Y= { x if x<_0 , 2x if x>_ 0 } find if y is differentiable at 0 .Then, if y is differentiable find the derivative at x=0.
Y’ = { 1 if x < 0 ,2 if x >0 } How do you continue from here?
Since
y' = 1 for x <= 0
y' = 2 for x>0
y' is not continuous at x=9. So, y is not differentiable there.
Whenever you have a cusp or point on a graph, the function is not differentiable there.
Better reread the definition of differentiable.
It is looking for y to be differentiable at 0. I think I understand because it is not continuous at x=0.
To determine if y is differentiable at x = 0, we need to check if the left-hand derivative at 0 is equal to the right-hand derivative at 0, and if they both exist.
First, let's find the left-hand derivative. Since y(x) is defined as x for x < 0, the left-hand derivative can be found by evaluating the derivative of x at x = 0. Taking the derivative of x with respect to x gives us 1.

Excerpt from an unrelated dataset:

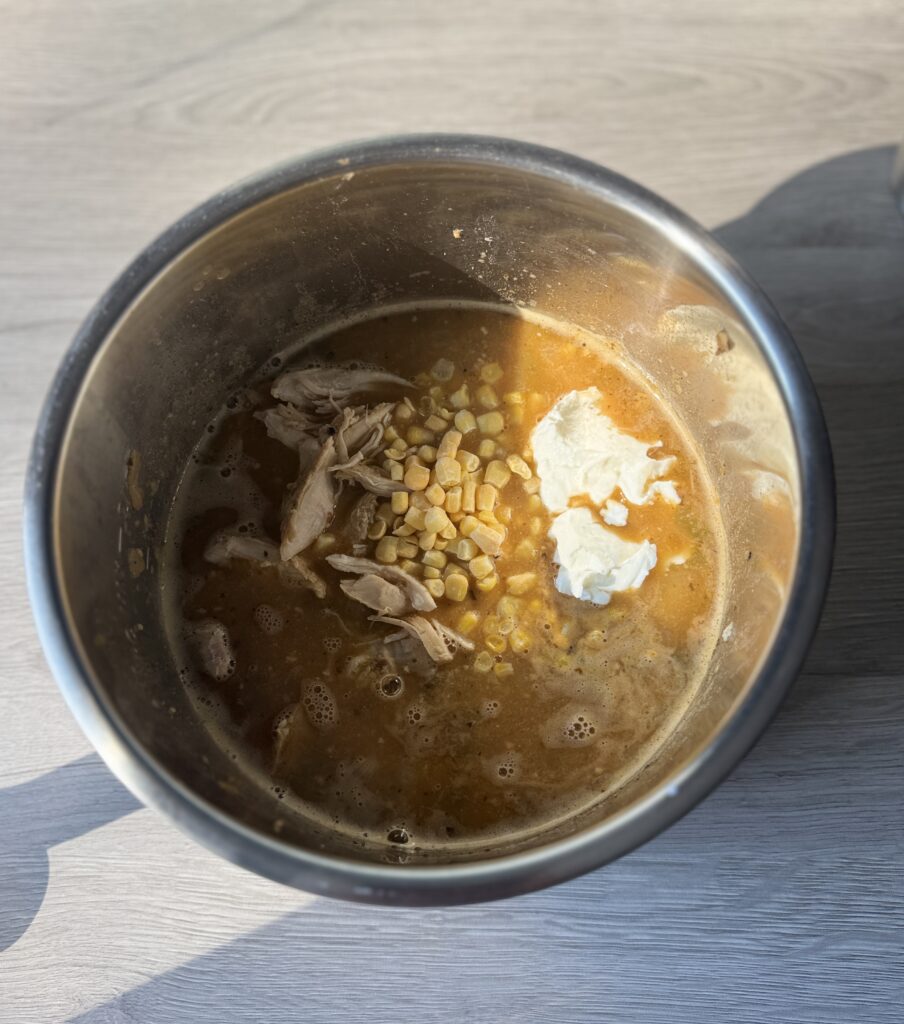 white bean chicken chili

Next, let's find the right-hand derivative. We have y(x) defined as 2x for x > 0. Taking the derivative of 2x with respect to x also gives us 2.
Now, we check if the left-hand derivative at 0 (which is 1) is equal to the right-hand derivative at 0 (which is 2). Since they are not equal, y is not differentiable at x = 0.
Therefore, y is not differentiable at x = 0, and we cannot find the derivative at x = 0 as it does not exist.